I have a RADEON VII with 16GB HBM2, with 4096bit bus.
Possible optimizations:
4GB and 4x data per mem request! (doesn't work because first request tells me second request across those 4GB, so the needed data for the second request may be far away in memory)
4+4+4+4GB and 1x data per mem request! (doesn't improve performance because each request to a 4GB group delays the other ones to 0.25x performance, so I get 4 Threads with 0.25x performance each)
Questions:
For optimization 1 - Is it possible to split the 4096bit BUS, so I can fetch different areas of 1024bits of the memory in parallel in a non Blocking way?
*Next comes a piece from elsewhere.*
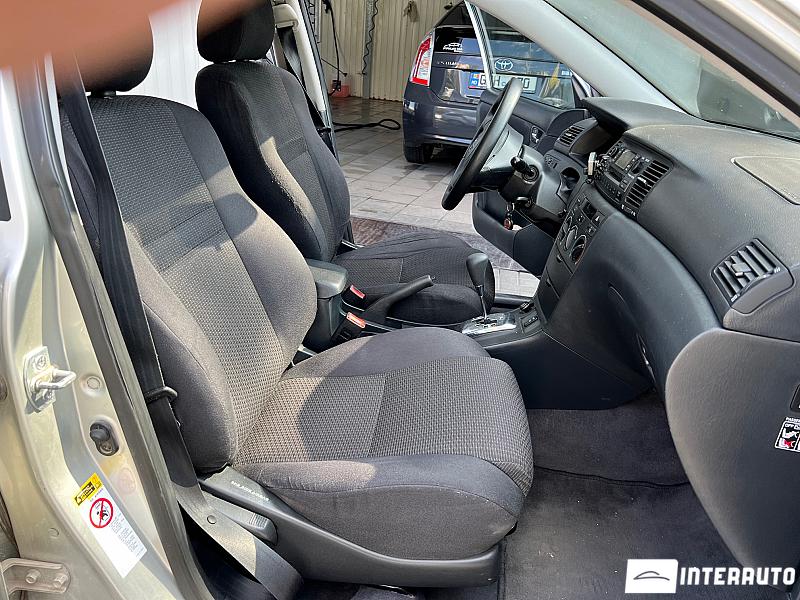 Toyota Corolla 5 toyota corolla 2005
For optimization 2 - Is it possible to address 'blocks' of 4GB in parallel, in a way that each block is independent, and non Blocking for the others?
PS - I know it depends on the memory controller, so if you know a different hardware that can do this, please let me know too.
Yes, HBM2 is always accessed in parallel, but it's not up to you.
Both of your proposed optimizations don't work. OpenCL does not give you control on how to use the memory bus or where to allocate memory; that is up to the drivers. If you allocate 4GB, these 4GB are not allocated on only one of the 4 HBM2 memory dies, but instead automatically split up across all 4 dies to maximize bandwidth.
The best you can do is make sure you have coalesced memory access (array of structures data layout) and to saturate the GPU with enouth work itms / work groups. The Radeon VII (I use a bunch of them for my stuff as well) has a theoretical bandwidth of 1024GB/s, but don't expect more than 800GB/s in practice.